START Data section

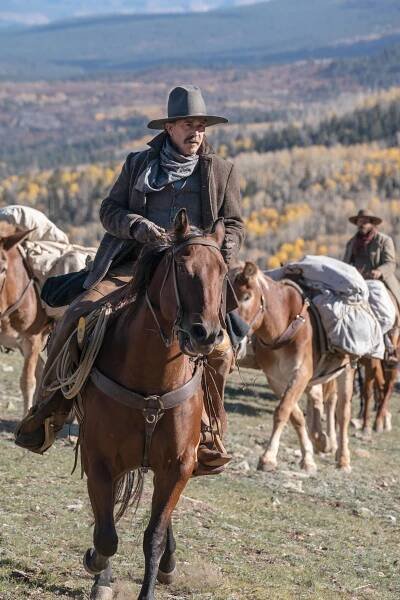 Kevin Costner in the first "Horizon" film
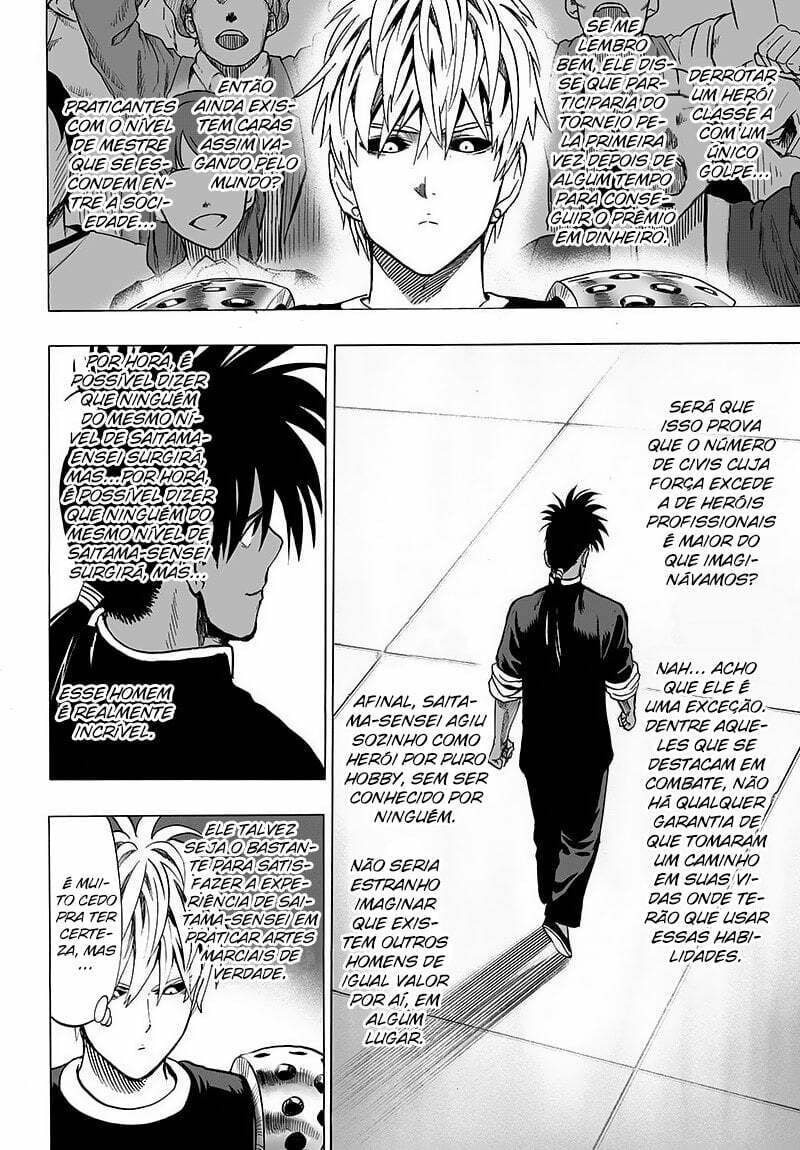 Read One Punch Man PT BR Manga Online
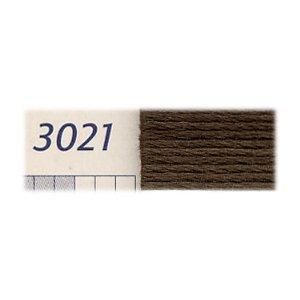 【0077540053537】DMC刺繍糸 25番 3021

END Data section

• Task objective:
Retype the data exactly; images stay out.

• Solution for this problem:
 Kevin Costner in the first "Horizon" film
 Read One Punch Man PT BR Manga Online
 【0077540053537】DMC刺繍糸 25番 3021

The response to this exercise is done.